> [WHAT THIS TASK INVOLVES]
An exact transcription of all the entries is needed; pictures stay out.

> [INPUT MATERIAL]
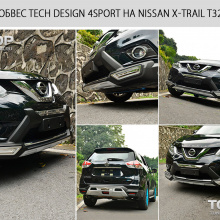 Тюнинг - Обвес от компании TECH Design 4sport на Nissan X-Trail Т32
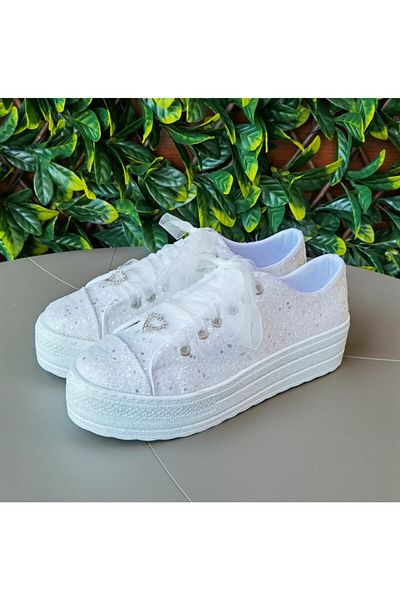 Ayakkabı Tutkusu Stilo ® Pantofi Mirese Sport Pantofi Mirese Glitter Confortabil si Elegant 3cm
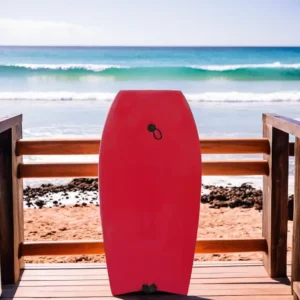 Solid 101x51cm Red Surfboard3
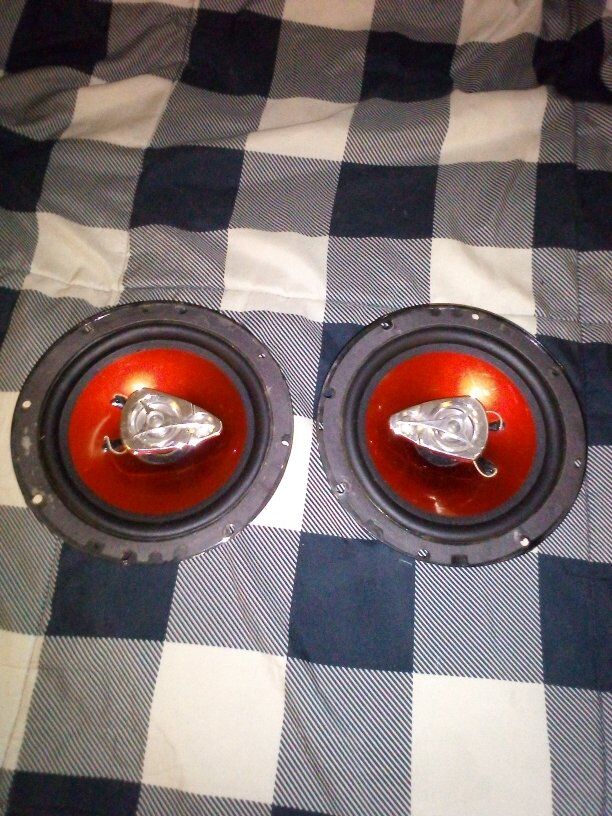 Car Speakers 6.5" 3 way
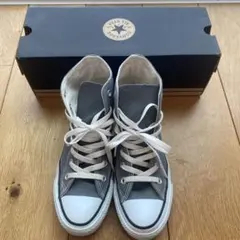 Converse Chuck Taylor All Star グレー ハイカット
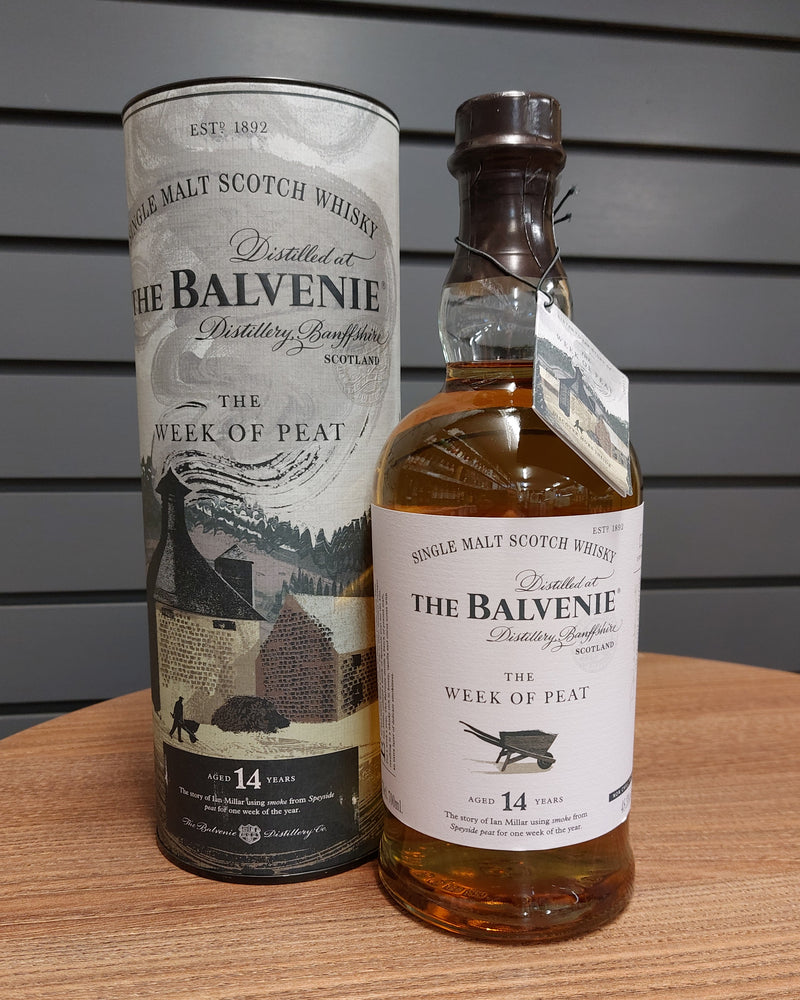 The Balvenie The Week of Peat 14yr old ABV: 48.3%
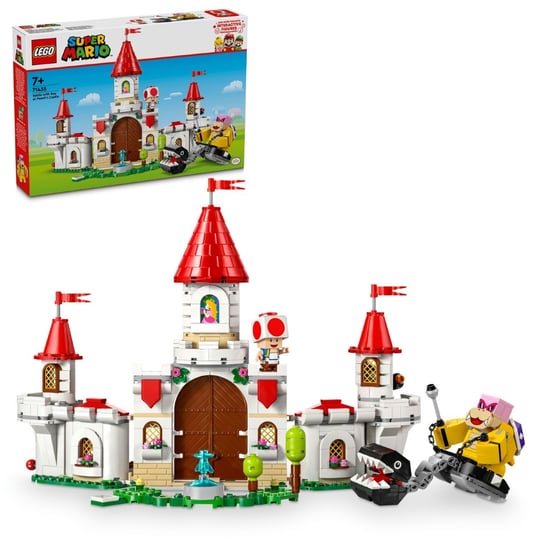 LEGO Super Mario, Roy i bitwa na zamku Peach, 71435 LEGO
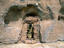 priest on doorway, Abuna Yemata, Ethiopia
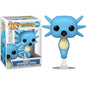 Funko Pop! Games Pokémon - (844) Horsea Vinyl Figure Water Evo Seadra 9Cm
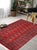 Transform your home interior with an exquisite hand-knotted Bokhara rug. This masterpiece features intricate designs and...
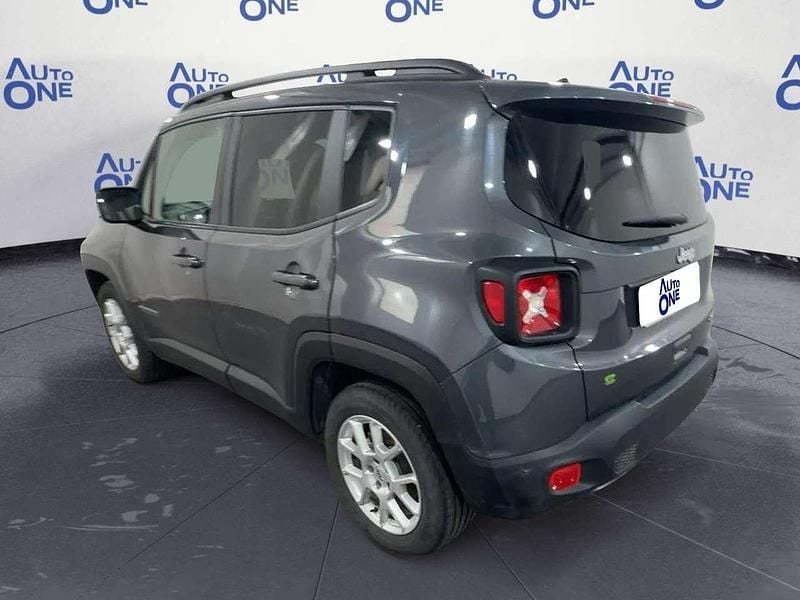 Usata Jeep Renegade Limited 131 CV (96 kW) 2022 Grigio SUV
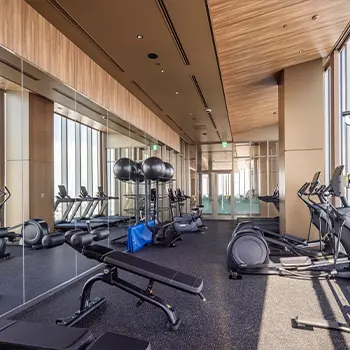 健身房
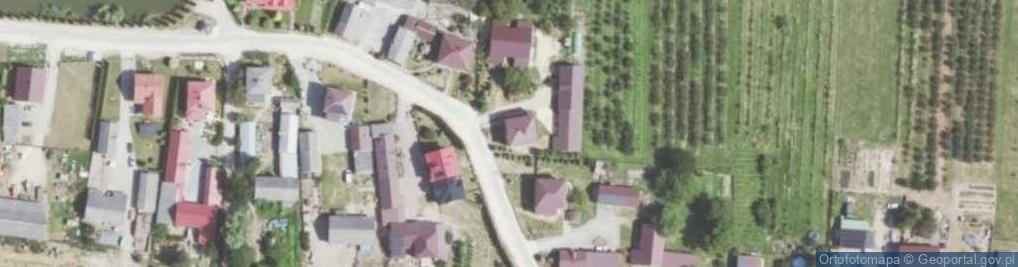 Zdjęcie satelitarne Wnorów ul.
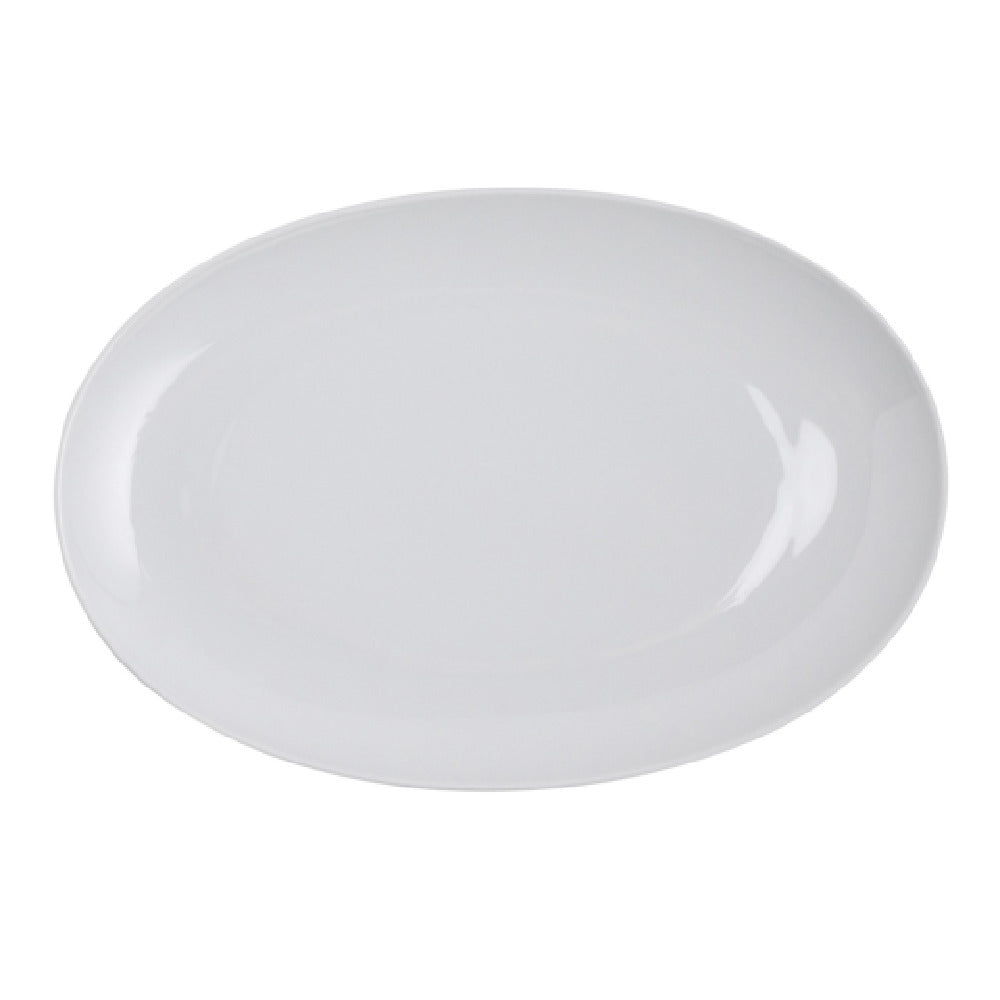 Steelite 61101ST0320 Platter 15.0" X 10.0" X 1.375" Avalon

> [ANSWER TO THIS EXERCISE]
 Тюнинг - Обвес от компании TECH Design 4sport на Nissan X-Trail Т32
 Ayakkabı Tutkusu Stilo ® Pantofi Mirese Sport Pantofi Mirese Glitter Confortabil si Elegant 3cm
 Solid 101x51cm Red Surfboard3
 Car Speakers 6.5" 3 way
 Converse Chuck Taylor All Star グレー ハイカット
 The Balvenie The Week of Peat 14yr old ABV: 48.3%
 LEGO Super Mario, Roy i bitwa na zamku Peach, 71435 LEGO
 priest on doorway, Abuna Yemata, Ethiopia
 Funko Pop! Games Pokémon - (844) Horsea Vinyl Figure Water Evo Seadra 9Cm
 Transform your home interior with an exquisite hand-knotted Bokhara rug. This masterpiece features intricate designs and...
 Usata Jeep Renegade Limited 131 CV (96 kW) 2022 Grigio SUV
 健身房
 Zdjęcie satelitarne Wnorów ul.
 Steelite 61101ST0320 Platter 15.0" X 10.0" X 1.375" Avalon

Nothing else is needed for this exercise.